Suppose the size of the reals was the same as that of the counting numbers
There must exist a pairing between them (By definition)
(Say, it looks like the figure below)Note: That this is just one possible pairing, our argument is independent of the actual pairing. It only relies on the fact that a pairing exists.
- Construct a new real number N as follows:
Go to the 1st number on the list, and look at its 1st decimal place (2 in the diagram)
Let N’s 1st decimal place be any number other than 2 (say, 7) (so far N = 0.7)
Go to the 2nd number on the list, and look at its 2nd decimal place (9)
Let N’s 2nd decimal place be any number other than 9 (N = 0.74)
Carry this process forever, so in general
Look at the ‘m’th number on our list; specifically, it’s ‘m’th decimal place.
Choose any digit EXCEPT this one for the mth decimal place of N
Using this we get N = 0.746894310875… - Let us show that N does not belong to the list
Now since N is a real number, N must be somewhere on the list.
It can’t be at the 1st place because it differs from the 1st number at the 1st decimal place.
It can’t be at the 2nd place because it differs from the 2nd number at the 2nd decimal place.
…
It can’t be at the Nth place because it differs from the Nth number at the Nth decimal place.

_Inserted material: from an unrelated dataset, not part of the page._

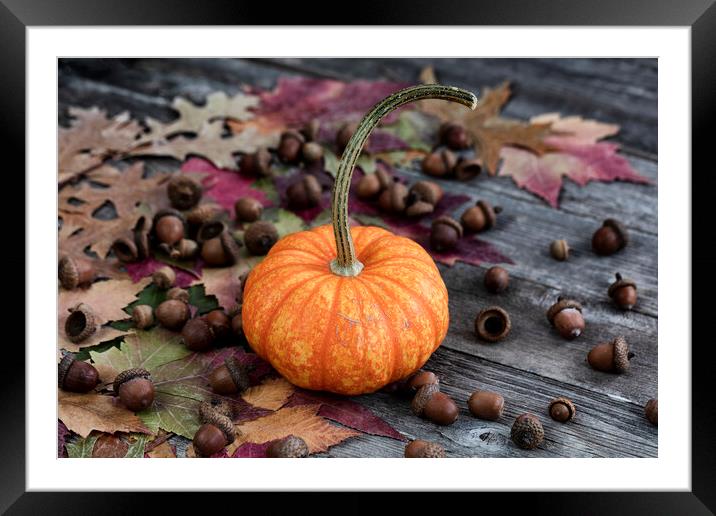 Real whole pumpkin plus acorns and foliage leaves on wood Framed Mounted Print by Thomas Baker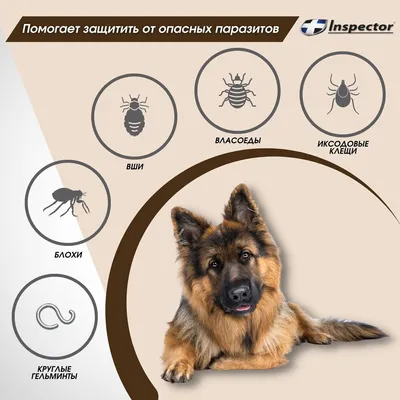 Препараты от глистов для собак - таблетки, лекарства от паразитов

… - This argument shows that N does not fit anywhere on our list4. But N is clearly a real number.
- So our initial assumption (that every real number can be paired with a unique counting number) must be incorrect.
- Therefore the real numbers represent an infinite set bigger than the counting numbers. \(\quad \blacksquare\)
Such a simple proof. Yet the consequences are monumental.
The size of the real numbers is bigger than that of the counting numbers. It is so big that when we try to fit all the real numbers in a list of counting numbers - they overflow.
We see that not all infinite sets are the same, they have some structure in them. And now, we have the machinery to descibe that. Instead of saying that the set of size is \(\infty\), we can do better - we can find out whether it’s size is \(\aleph_0\) or \(\aleph_1\). ( This is useful because sets in the same size class have some similar properties.5 )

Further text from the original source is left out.